ALBALI PIETRE DI PUGLIA




Marilena Nicolardi



Grande rilevanza ha assunto, nell'ambito dell'indagine paletnologica, l'opera di Giuliano Cremonesi (Cremona, 1939-1992), archeologo-paletnologo che ha aperto nuove prospettive alla ricerca archeologica nel Salento e in Italia, introducendo in campo esplorativo l'apporto essenziale di discipline collaterali, quali la paleobotanica, la palinologia, la pedologia e l'archeozoologia.
Le numerose testimonianze preistoriche da lui individuate nel territorio pugliese, espressioni delle forme più remote di frequentazione umana, i reperti rinvenuti in parecchie località, hanno agevolato il processo di ricostruzione delle diverse fasi evolutive della civiltà, dal Pleistocene (circa due milioni di anni fa), al Neolitico (VIII-IV millennio a.C.), per giungere all'esame degli insediamenti costieri dell'età del Bronzo del II millennio.

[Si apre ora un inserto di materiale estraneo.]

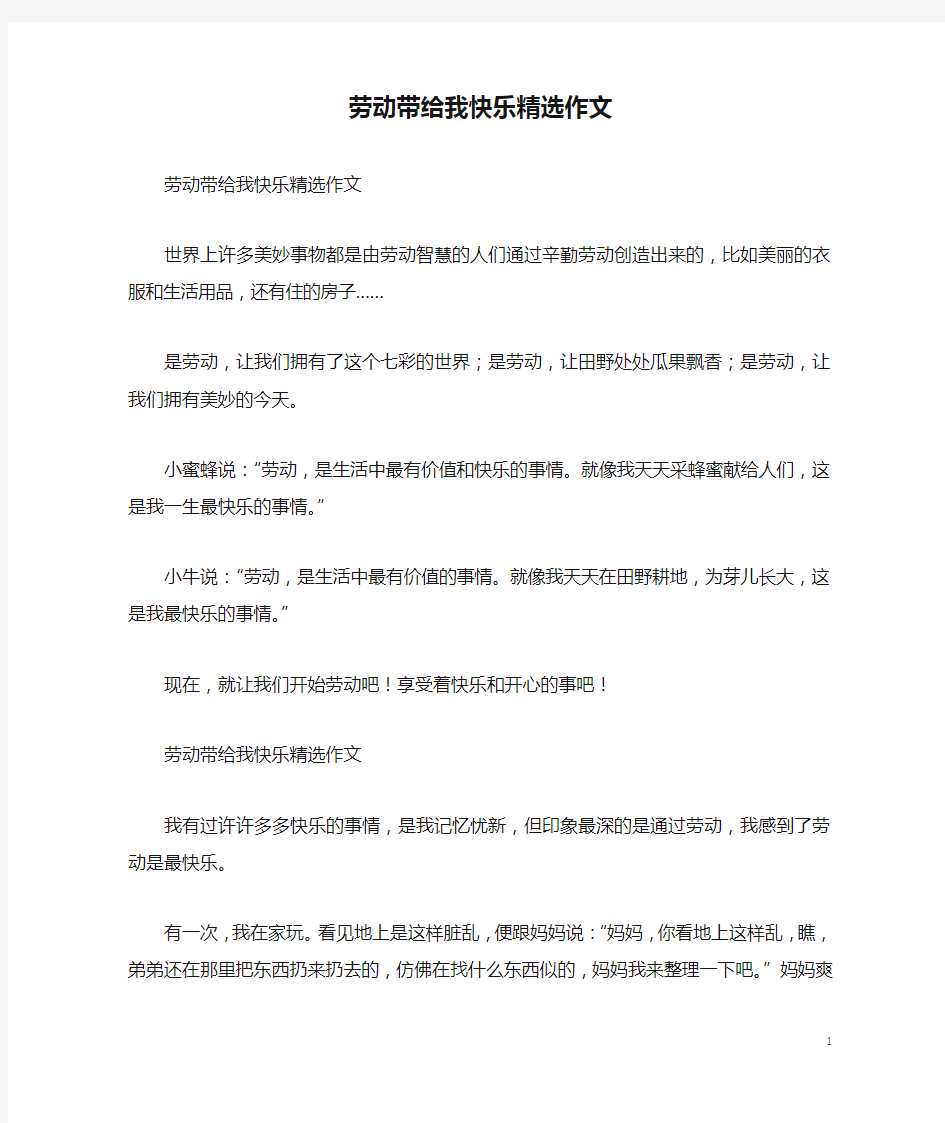 劳动带给我快乐精选作文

Allievo di Antonio Mario Radmilli, uno dei maggiori paletnologi d'impronta naturalistica del secondo dopoguerra, Cremonesi giunse nel Salento, a Lecce, nel 1967 per ricoprire, presso la Facoltà universitaria di Lettere e Filosofia, l'incarico di docente di Paletnologia che l'anno precedente era stato affidato al suo maestro. Da quest'ultimo eredita la formazione naturalistica che lo porta a coniugare l'osservazione scientifica con il senso della storia, e si traduce in una metodologia di scavo altamente analitica, in un'attenzione verso il particolare, decisiva per ampliare le conoscenze, ed ancora, nel perpetuare una tradizione di studio e di ricerca che vedeva il suo caposaldo nel rigore filologico. In quest'ottica devono intendersi il laboratorio di Paletnologia da lui fondato a Lecce, le numerose pubblicazioni sui vari siti esaminati, gli scavi condotti in Abruzzo, Basilicata, Campania, Toscana, sull'isola d'Elba e sul Carso triestino, oltre che in Puglia.
Poco incline alle generalizzazioni astratte, Cremonesi propone una sistematizzazione delle indagini che consente di far riemergere dall'oblio taluni aspetti della preistoria e della protostoria salentine. La metodologia di ricerca da lui adottata nello studio del Paleolitico, del Mesolitico, del Neolitico e dell'Eneolitico-Bronzo rappresenta un'innovazione nell'ambito dell'archeologia classica che, alla fine degli anni Sessanta, appariva ancora legata ai canoni della storia dell'arte antica.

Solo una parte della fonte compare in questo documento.